Cervical cancer subtype identification and model building based on lipid metabolism and post-infection microenvironment immune landscape

Heliyon. 2024 May 4;10(9):e30746. doi: 10.1016/j.heliyon.2024.e30746. eCollection 2024 May 15.

Abstract

Background: As the second most common gynecological cancer, cervical cancer (CC) seriously threatens women's health. The poor prognosis of CC is closely related to the post-infection microenvironment (PIM). This study investigated how lipid metabolism-related genes (LMRGs) affect CC PIM and their role in diagnosing CC.

Methods: We analyzed lipid metabolism scores in the CC single-cell landscape by AUCell. The differentiation trajectory of epithelial cells to cancer cells was revealed using LMRGs and Monocle2. Consensus clustering was used to identify novel subgroups using the LMRGs. Multiple immune assessment methods were used to evaluate the immune landscape of the subgroups. Prognostic genes were determined by the LASSO and multivariate Cox regression analysis. Finally, we perform molecular docking of prognostic genes to explore potential therapeutic agents.

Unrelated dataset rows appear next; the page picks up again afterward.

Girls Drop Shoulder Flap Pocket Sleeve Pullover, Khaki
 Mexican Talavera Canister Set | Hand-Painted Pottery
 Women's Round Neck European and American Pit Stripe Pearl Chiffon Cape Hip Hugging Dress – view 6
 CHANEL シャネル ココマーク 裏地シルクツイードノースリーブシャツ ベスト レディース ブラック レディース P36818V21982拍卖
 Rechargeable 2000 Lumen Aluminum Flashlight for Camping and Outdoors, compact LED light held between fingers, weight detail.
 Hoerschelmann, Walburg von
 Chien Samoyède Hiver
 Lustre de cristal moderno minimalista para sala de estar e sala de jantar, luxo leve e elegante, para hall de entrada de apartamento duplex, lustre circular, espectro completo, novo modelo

Results: We revealed the differentiation trajectory of epithelial cells to cancer cells in CC by LMRGs. The higher LMRGs expression cluster had higher survival rates and immune infiltration expression. Functional enrichment showed that two clusters were mainly involved in immune response regulation. A novel LMR signature (LMR.sig) was constructed to predict clinical outcomes in CC. The expression of prognostic genes was correlated with the PIM immune landscape. Small molecular compounds with the best binding effect to prognostic genes were obtained by molecular docking, which may be used as new targeted therapeutic drugs.

Conclusion: We found that the subtype with better prognosis could regulate the expression of some critical genes through more frequent lipid metabolic reprogramming, thus affecting the maturation and migration of dendritic cells (DCs) and the expression of M1 macrophages, reshaping the immunosuppressive environment of PIM in CC patients. LMRGs are closely related to the PIM immune landscape and can accurately predict tumor prognosis. These results further our understanding of the underlying mechanisms of LMRGs in CC.

Keywords: LMRGs; Molecular docking; PIM; Targeted therapy; scRNA-seq.